ClickerScriptingLibrary

iOS device automation via Nomix Clicker API. Scripts simulate touch input and use AI screen recognition to navigate apps.

Running scripts

python3 -m scripts.instagram-warmup

Project structure

utils/
  __init__.py          — empty (import from submodules directly)
  clicker.py           — Clicker class (swipe, click, type)
  recognition.py       — Screen, Element, parse_screen()
  actions.py           — high-level helpers (open_app, chance_tap, post_comment, etc.)
  agent.py             — Agent class (autonomous AI task runner)
  api_helper.py        — low-level HTTP calls to Nomix API (don't use directly)
  environment.py       — config values (API_URL, API_KEY, DEVICE_ID)
  config_handler.py    — config.json loader with auto-reload every 300s
scripts/
  instagram-warmup.py  — reference implementation
config.json            — API_URL, API_KEY, DEVICE_ID

Imports

Import directly from submodules:

from utils.clicker import Clicker
from utils.agent import Agent
from utils.recognition import Screen, Element, parse_screen
from utils.environment import DEVICE_ID
from utils.actions import (
    open_app, swipe_feed, swipe_back, is_ad, chance_tap, post_comment,
    random_sleep, find_and_click,
)

Coordinate system

HID absolute coordinates: 0–32767 on both axes. Device-independent, same for all screen sizes.

Point Coords
Top-left (0, 0)
Center (16383, 16383)
Bottom-right (32767, 32767)
  • Swipe distance: typically 6000–8000 units
  • Element.center and Element.bbox are already in this coordinate space
  • bbox format from API: [y_min, x_min, y_max, x_max]

API reference

Clicker

clicker = Clicker(device_id: str)
clicker.device_id: str                        # stored device ID

clicker.click(coords: tuple[int, int], duration: int = 100)
# Moves cursor to coords, then clicks. duration = hold time in ms.

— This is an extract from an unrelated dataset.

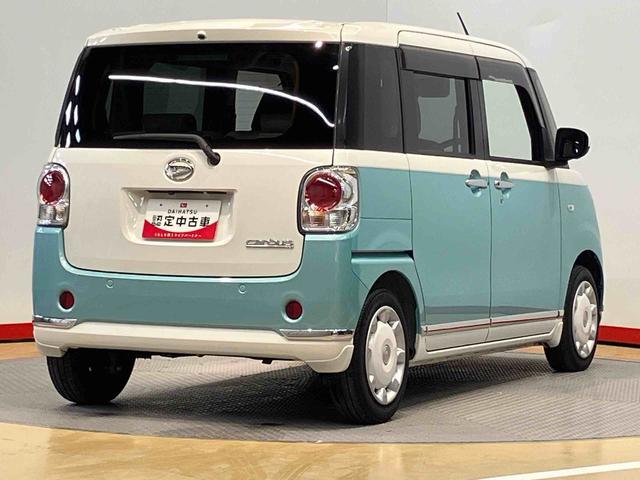 ムーヴキャンバスＧメイクアップＶＳ　ＳＡIII８インチナビ　ドラレコ　全方位カメラ　ＵＳＢ入力端子　Ｂｌｕｅｔｏｏｔｈ接続　ＨＤＭＩ入力端子　運転席シートヒーター　キーフリー　衝突被害軽減システム　左右電動スライドドア　ＬＥＤヘッドライト（高知県）の中古車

clicker.swipe(coords: tuple[int, int], up: int = 0, down: int = 0, left: int = 0, right: int = 0, duration: int = 300)
# Swipe from coords in given direction(s). Distance in HID units.

clicker.type(text: str)
# Type text on device keyboard. Max 10000 chars.

Under the hood click calls POST /{device_id}/click (duration-based press at current cursor position) and move calls POST /{device_id}/move (absolute coordinate movement). Action endpoints don't raise on failure — they return {"success": bool, "message": str}.

Screen recognition

screen = parse_screen(device: str | Clicker) -> Screen | None
# Calls POST /{device_id}/screen-state. Timeout: 60s.
# Uses AI vision to parse the current screen into structured elements.
# Returns None on network/timeout errors (no try/except needed in scripts).

screen.app_name: str           # e.g. "Instagram"
screen.description: str        # natural language screen description
screen.elements: list[Element] # all detected UI elements
screen.latency: float          # API processing time in seconds

screen.find(*keywords: str, interactive_only: bool = True) -> tuple | None
# Find first element whose content contains any keyword (case-insensitive).
# Returns center coords (x, y) or None.

screen.find_and_click(clicker: Clicker, *keywords: str, interactive_only: bool = True) -> bool
# Find element and tap it. Returns True if found and tapped.

screen.contains(*keywords: str) -> bool
# Check if any keyword appears in description or any element content.

Element

@dataclass(frozen=True)
class Element:
    idx: int              # index in elements list
    type: str             # "icon" | "button" | "text" | "input" | "image" | "toggle" | "tab" | "other"
    content: str          # text/label of the element
    interactivity: bool   # whether it's tappable
    center: tuple[int, int]              # (x, y) in HID coords
    bbox: tuple[int, int, int, int]      # (y_min, x_min, y_max, x_max) in HID coords
    location: str         # "status-bar" | "top-left" | "top-center" | "top-right" |
                          # "center" | "bottom-left" | "bottom-center" | "bottom-right" | "navigation-bar"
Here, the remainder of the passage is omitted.